What is required
Please repeat nothing except the lines from the one containing "Prinz Charles und" through the end of the records, exactly and without pictures.

──────────

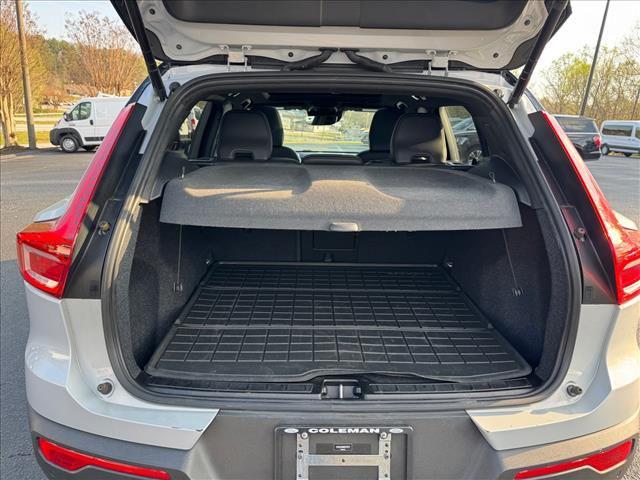 2022 Volvo XC40 T4 R-Design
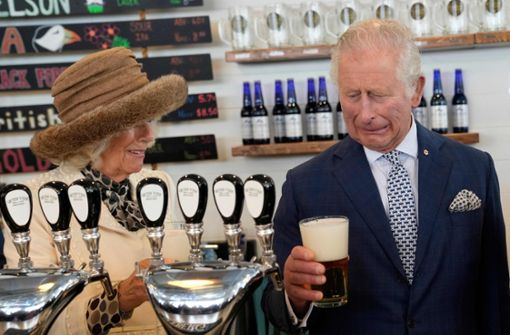 Prinz Charles und Herzogin Camilla beim Bier-Zapfen. Foto: AFP/PAUL CHIASSON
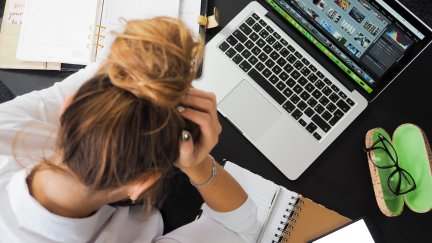Según el INE, en España hay 959.200 jóvenes que estudian y trabajan a la vez. / Pexels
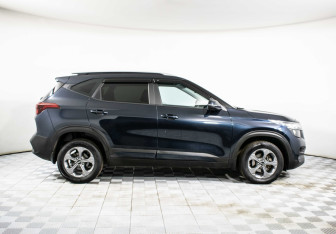 Подержанный автомобиль Kia Seltos 2021 года (4 фото)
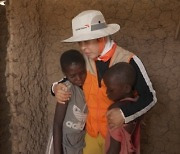 조혜련, 어린이날 맞아 케냐 방문 "상상 불가한 어려움, 눈물 절로 나"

──────────

Worked solution
 Prinz Charles und Herzogin Camilla beim Bier-Zapfen. Foto: AFP/PAUL CHIASSON
Según el INE, en España hay 959.200 jóvenes que estudian y trabajan a la vez. / Pexels
 Подержанный автомобиль Kia Seltos 2021 года (4 фото)
 조혜련, 어린이날 맞아 케냐 방문 "상상 불가한 어려움, 눈물 절로 나"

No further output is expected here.